About 10 years back, Sheryl Crow came to town. Tim Smith of Jellyfish was part of her band, and a forum buddy, Andy Harrison, was teching for Tim. A couple days before the show, Andy contacted me and asked if I had any silver mica caps. They were needed for an amp and he wasn't able to score any on the road. As luck had it, I did have the aforementioned item, and brought several different values to the sound check. I watched in awe as Crow's guitarist, Peter Stroud, whom you may know from the many product demo videos he did for various companies, disassembled his amp, took one of the caps I had brought and modded the bright switch, then reassembled the amp, and tested it. Keep in mind he started this 90 minutes before stage time, and still hadn't gone for dinner. _That's_ a guy who knows his gear intimately.

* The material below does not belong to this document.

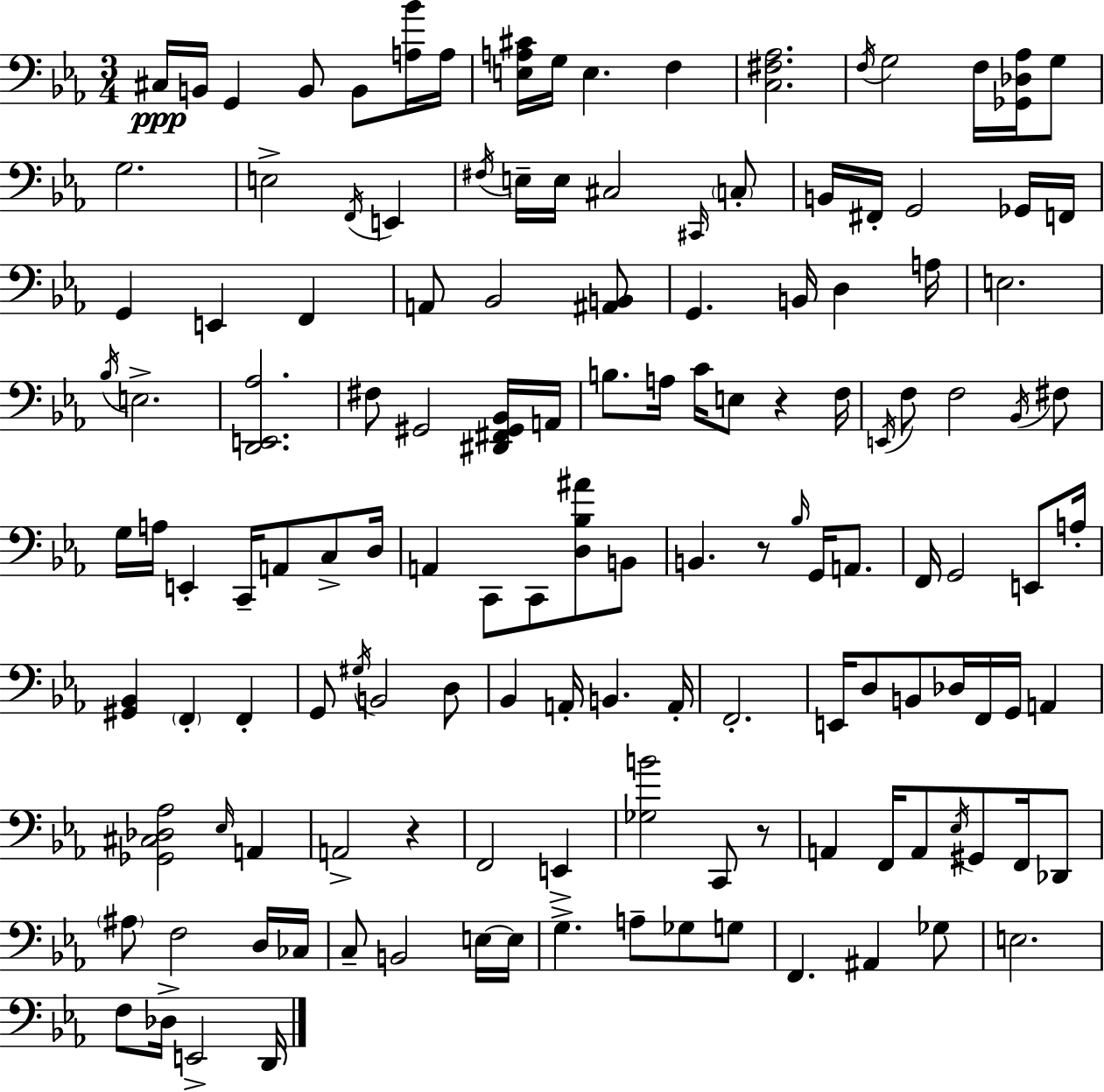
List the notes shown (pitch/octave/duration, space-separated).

Crow and the band did the Zeppelin tune "Rock and Roll" as their encore, and Stroud ripped into a solo that had enough bite to it to sever heads in the front row, courtesy of the mod to the bright switch. I like to think of it as the night *I* "saved rock and roll". 

I'm sure you'll get your own chance some day.


----------



## vadsy (Dec 2, 2010)

I like threads like this once or twice a year, it adds content and puts everyones fears to rest. 



bw66 said:


> Apparently not... the Stones made 65 million last year.


I wonder how much of it was from music....



butterknucket said:


> Someone has to post this.


yawn


----------



## greco (Jul 15, 2007)

mhammer said:


> It's not like there were "zines" or entertainment columnists to tell folks in Leipzig *what was goin' down* in Vienna or Milan.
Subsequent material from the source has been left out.